I had led a guided walk as far as the churchyard, when one of the party remarked that she had once been told that General Wolfe was buried here, and asked whether this was true. For her pains she was greeted by derisive laughter from others present, and it gave considerable satisfaction to be able to reply that this worthy was indeed interred at Sneinton. It was, however, something of an anticlimax to have to explain that the occupant in question of Sneinton churchyard was not General James Wolfe, the hero of Quebec, and in fact not an army officer at all. Our General Wolfe was an ordinary resident of Sneinton, whose parents had chosen to distinguish, or encumber him, with this military Christian name.

The walk took place before the tidying up of the churchyard had been carried out, so most of the headstones which are now ranged along the wall were at the time lying flat on the ground, having years earlier been displaced from their rightful positions as grave markers. Here they comprised a sort of pavement on which youthful bikers practised their skills. General Wolfe’s memorial was one of these, and lay to the right of the path just inside the top gates. A rather plain Swithland slate stone, it read (and still reads) as follows:.

TO
THE MEMORY OF
GENERAL WOLFE
WHO DIED MAY 19th, 1849. AGED 53 YEARS.
ALSO SARAH
HIS BELOVED WIFE
WHO DIED DECEMBER 8th, 1854.
AGED 63 YEARS
Weep not dear friends and children dear
We only part a while
In hope to meet with Christ above
And see each other smile

Naming a child to commemorate a current or recent hero is, of course, by no means unknown. Indeed, a cousin of mine married a man whose middle name was Kitchener, his birth having occurred just after that famous field-marshal was lost at sea in 1916. It was, however, apparent from General Wolfe's headstone that he had been born nearly forty years after the death of James Wolfe in the moment of victory at Quebec in 1759. The latter was, astonishingly, only thirty-two when he died: a major-general with over 9.000 troops under his command.

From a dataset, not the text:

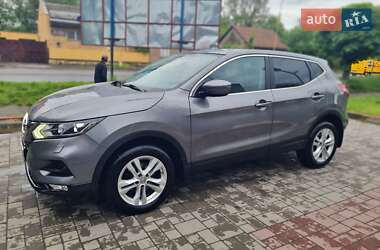 Позашляховик / Кросовер Nissan Qashqai 2018 в 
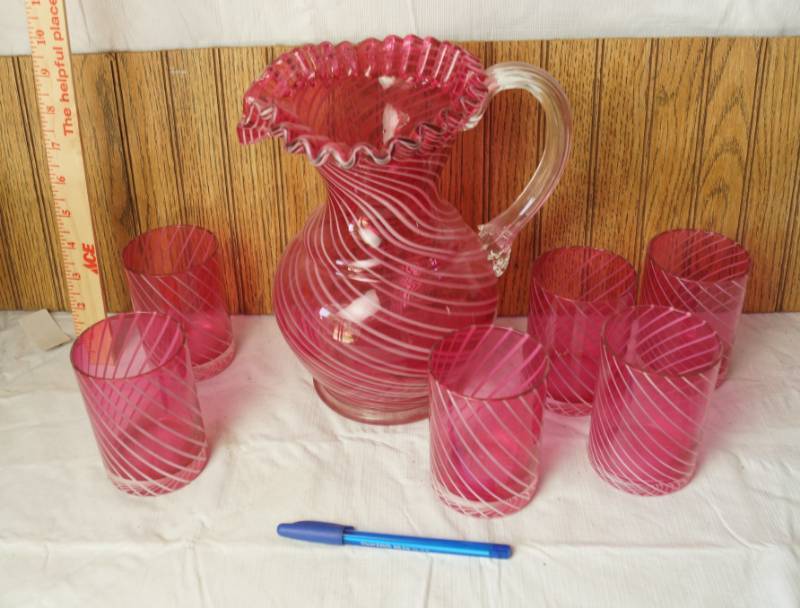 lot 1055 image: Pink Swirl Glass - So pretty 7 Piece - Pitcher and Glasses Set - Excellent Condition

His name clearly retained sufficient lustre for at least one local family to perpetuate it through the nineteenth century.

While on this military theme, it may be mentioned that a Yorkshire and England cricketer named Major Booth was killed in action during the Great War. One cannot help feeling that had his parents chosen the Christian name General for him, rather than Major, all kinds of Salvation Army and Sneinton links could have been imagined. Since the age of popular ennoblement of jazz musicians, however, the world has become more accustomed to the adoption of ranks and titles as names or nicknames, and future generations of gravestone enthusiasts may one day be beguiled by finding the memorial of a tributary King Oliver, Duke Ellington, or Count Basie.

All this, however, is a flight of fancy, and irrelevant to our present purpose. It is General Wolfe we have to consider at Sneinton, and details about him, though scanty, are not without interest. He was a man of sufficient standing for his passing to be recorded in the death notices of the Nottingham press of the time, a very much rarer thing than nowadays. The weekly Nottingham Review of 25 May 1849 contains the following short announcement: 'At Sneinton, on the 19th instant, aged 53 years, Mr General Wolfe, wharfinger, Hermit Street.' Although the gravestone and newspaper announcement agree that Wolfe was 53 when he died, the Sneinton burial register gives his age as 54 - we shall see a similar discrepancy in the case of his wife. Son of George and Ann Wolfe, the young General was baptised at St Mary's church, Nottingham, on 19 December 1796. He was married in the same church in October 1822 to Sarah Bainbridge, a native of Pinxton on the Nottinghamshire-Derbyshire border.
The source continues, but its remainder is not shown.